- **WHAT TO DO**: Starting with the first line and ending with the one that holds "RONDELLE/RESSORT 43754-23440-71 - Panacea", retype the entries exactly.

- **Source records**:
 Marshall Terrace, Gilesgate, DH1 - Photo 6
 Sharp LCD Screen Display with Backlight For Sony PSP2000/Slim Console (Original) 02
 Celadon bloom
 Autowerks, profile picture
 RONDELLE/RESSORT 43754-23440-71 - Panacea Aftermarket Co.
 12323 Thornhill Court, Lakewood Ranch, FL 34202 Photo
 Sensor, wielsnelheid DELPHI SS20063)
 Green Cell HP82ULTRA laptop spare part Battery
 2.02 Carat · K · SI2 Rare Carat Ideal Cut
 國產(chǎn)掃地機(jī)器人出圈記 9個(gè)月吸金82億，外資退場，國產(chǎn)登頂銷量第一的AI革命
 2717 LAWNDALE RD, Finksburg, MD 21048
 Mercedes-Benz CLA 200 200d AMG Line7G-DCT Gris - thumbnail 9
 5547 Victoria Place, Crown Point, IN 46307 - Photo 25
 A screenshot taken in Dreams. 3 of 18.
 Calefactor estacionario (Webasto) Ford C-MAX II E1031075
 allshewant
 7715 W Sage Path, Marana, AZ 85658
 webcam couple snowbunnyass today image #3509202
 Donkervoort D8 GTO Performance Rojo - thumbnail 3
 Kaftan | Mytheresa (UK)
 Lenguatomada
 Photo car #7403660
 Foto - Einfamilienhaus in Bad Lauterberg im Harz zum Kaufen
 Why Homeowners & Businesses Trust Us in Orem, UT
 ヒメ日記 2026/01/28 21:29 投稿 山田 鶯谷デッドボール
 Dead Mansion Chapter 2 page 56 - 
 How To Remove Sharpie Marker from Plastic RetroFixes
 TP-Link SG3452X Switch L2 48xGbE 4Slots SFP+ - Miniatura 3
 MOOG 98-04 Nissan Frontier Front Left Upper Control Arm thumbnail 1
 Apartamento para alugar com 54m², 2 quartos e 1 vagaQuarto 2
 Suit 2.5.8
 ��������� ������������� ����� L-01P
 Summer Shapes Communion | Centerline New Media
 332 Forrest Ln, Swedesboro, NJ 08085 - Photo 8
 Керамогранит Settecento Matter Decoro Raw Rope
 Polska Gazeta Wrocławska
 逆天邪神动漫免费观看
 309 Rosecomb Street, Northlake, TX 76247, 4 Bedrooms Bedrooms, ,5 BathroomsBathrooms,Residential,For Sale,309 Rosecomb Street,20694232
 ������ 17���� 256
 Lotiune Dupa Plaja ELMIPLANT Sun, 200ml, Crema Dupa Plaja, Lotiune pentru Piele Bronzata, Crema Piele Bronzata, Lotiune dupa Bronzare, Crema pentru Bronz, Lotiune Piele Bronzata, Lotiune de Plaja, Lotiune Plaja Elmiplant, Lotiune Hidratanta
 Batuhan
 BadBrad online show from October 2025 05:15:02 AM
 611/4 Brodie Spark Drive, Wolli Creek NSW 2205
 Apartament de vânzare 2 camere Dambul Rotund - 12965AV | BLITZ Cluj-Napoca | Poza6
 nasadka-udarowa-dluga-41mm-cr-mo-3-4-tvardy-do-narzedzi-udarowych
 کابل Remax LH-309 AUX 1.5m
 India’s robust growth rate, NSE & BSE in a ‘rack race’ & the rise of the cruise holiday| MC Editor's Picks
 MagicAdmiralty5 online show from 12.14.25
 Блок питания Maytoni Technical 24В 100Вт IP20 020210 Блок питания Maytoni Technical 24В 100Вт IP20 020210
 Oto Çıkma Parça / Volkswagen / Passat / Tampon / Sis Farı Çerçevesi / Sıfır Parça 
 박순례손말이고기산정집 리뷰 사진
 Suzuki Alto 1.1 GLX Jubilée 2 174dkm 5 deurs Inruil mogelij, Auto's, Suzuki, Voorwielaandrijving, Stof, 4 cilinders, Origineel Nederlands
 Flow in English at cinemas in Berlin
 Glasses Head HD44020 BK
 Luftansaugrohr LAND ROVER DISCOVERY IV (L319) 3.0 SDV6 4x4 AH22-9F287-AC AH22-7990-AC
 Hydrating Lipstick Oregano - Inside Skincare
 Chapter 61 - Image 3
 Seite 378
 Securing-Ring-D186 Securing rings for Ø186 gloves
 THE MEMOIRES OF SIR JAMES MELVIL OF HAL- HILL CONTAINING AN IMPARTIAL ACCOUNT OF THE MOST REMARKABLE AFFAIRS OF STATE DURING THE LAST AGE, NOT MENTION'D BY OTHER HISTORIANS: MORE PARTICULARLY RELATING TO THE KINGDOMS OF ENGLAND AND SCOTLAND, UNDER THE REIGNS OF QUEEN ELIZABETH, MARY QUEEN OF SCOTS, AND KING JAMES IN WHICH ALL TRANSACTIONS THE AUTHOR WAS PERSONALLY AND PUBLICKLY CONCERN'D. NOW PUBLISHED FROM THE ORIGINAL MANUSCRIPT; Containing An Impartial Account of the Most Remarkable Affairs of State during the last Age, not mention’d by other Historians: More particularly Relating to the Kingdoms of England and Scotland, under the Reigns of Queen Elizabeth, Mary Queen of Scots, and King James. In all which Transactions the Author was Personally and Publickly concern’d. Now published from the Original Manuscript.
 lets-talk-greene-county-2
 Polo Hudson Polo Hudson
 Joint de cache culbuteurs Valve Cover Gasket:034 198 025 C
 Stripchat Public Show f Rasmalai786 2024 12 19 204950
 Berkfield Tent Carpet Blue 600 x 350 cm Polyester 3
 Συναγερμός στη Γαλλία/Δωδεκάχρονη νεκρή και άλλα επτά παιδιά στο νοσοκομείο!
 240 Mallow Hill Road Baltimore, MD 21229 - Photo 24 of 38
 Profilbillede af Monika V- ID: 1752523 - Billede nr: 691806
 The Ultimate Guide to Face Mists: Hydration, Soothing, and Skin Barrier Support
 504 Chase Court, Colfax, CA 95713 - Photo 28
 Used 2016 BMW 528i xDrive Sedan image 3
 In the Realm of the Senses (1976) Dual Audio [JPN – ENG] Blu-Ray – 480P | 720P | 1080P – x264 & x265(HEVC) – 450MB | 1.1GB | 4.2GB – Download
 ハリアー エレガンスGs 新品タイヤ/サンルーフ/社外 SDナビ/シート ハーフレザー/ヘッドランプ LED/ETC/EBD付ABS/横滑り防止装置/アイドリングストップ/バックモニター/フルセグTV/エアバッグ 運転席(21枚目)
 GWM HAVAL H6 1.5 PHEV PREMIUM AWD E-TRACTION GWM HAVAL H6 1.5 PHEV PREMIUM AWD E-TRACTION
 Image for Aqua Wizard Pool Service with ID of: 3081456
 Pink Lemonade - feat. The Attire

- **EXERCISE RESULT**:
 Marshall Terrace, Gilesgate, DH1 - Photo 6
 Sharp LCD Screen Display with Backlight For Sony PSP2000/Slim Console (Original) 02
 Celadon bloom
 Autowerks, profile picture
 RONDELLE/RESSORT 43754-23440-71 - Panacea Aftermarket Co.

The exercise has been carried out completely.